シュリ・ラーマクリシュナ生誕祝賀会の講話
シュリ・ラーマクリシュナの生涯
一九八五年二月二十四日
第一部
誕生と少年時代
シュリ・ラーマクリシュナは一八三六年二月十八日、インド西ベンガル州フーグリー地方にあるカマルプクルという一寒村に生まれました。彼の父シュリ・クディラーム・チャットパッダーは非常に信仰が深く、かつて誠の道を踏み外したことのない人でした。彼は村の暴君的な地主から一小作人に不利な証言をするよう頼まれたのを断わったために、祖先伝来の家と土地とを捨てて、そこを去らなければならなかったのです。自分の宗教のきびしい戒律のすべてをよく守り、大方の時を祈りと瞑想に費やしていました。母親のシュリマティ・チャンドラマニ・デヴィは心の温かい正直な人でした。クディラームはあるとき聖地ガヤを訪れ、そこで不思議な夢を見ました。主ヴィシュヌが彼の前に現れ、彼の子として生まれることを約束されたのです。彼の母もやはり神の子の誕生を告げるヴィジョンを得ました。その夢を記念して、子供はヴィシュヌ神の一つの呼び名であるガダーダルと名付けられました。ガダーダルはシュリ・ラーマクリシュナの幼名でした。
ガダーダルは健康で少しもじっとしてはいず、陽気でかわいいいたずらっ子に成長しました。彼は聡明で、非凡な記憶力に恵まれていました。村の学校で読み書きを習ったのですが、彼の学業はあまり進歩しませんでした。彼の喜びは、ヒンドゥの神話や叙事詩の物語の朗読に耳を傾けることでした。絵を描くことが好きで、また村の陶工たちから、神々や女神たちの像を造ることを学びました。
六歳か七歳の時、シュリ・ラーマクリシュナは霊的恍惚状態の最初の経験をしました。ある日、彼は、ふくらし米を食べながらたんぼ道をひとりで歩いていました。空を見上げると、美しい真っ黒い雷雲が急速に立ちこめ、やがて真っ白な鶴の群れが過ぎて行きました。そのコントラストの美しさに少年は圧倒され、意識を失って地に倒れたのです。
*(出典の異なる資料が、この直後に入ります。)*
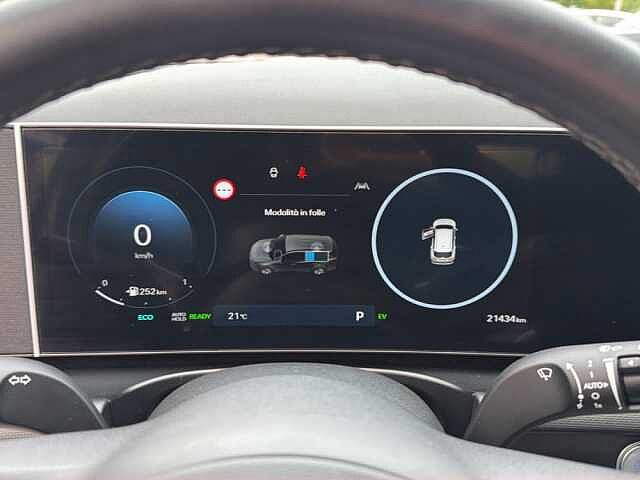 Hyundai TUCSON Hybrid 1.6 HEV 2WD AT Business-NEW MODEL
彼は後に、自分はその状態の中で、言葉に尽くし得ぬ喜びを経験した、と言っておられます。
九歳の時にシュリ・ラーマクリシュナは父を失いました。この出来事は家全体に暗い影を投げ、少年を考え深くまじめな子にしました。初めて、地上の生命ははかないものである、ということを悟ったのです。彼はよく人知れず、たったひとりで近くのマンゴー林や火葬場に行き、いつまでも思いにふけっていました。前よりも一層つよく母を慕い、家事を手伝ったり、家の礼拝堂での祭祀を助けたりしたりしました。母の悲しみを少しでも軽くし、その憂鬱な生活にできる限り喜びと慰めを吹き込むことを自分の義務と思っていました。前よりももっと心を入れて宗教的な物語を読んだり聞いたりしました。この村に宿を求める遍歴僧たちや巡礼たちに興味を持つようになりました。彼らから、神話の中の物語や予言者たちの話や彼ら自身の冒険の物語を聞きました。少年はさまざまの形で彼らの奉仕し、彼らの礼拝や瞑想をじっと見ていました。
シュリ・ラーマクリシュナはこの頃に聖糸を授与され、家の祭神のお祀りをする事を始めました。いまや、この儀式の一環として、最初の、瞑想の訓練が始まりました。このときにすでに、黙想中に外界の意識を失うという傾向が見られました。子供らしい快活さのかげに霊的な性質が深まって行きました。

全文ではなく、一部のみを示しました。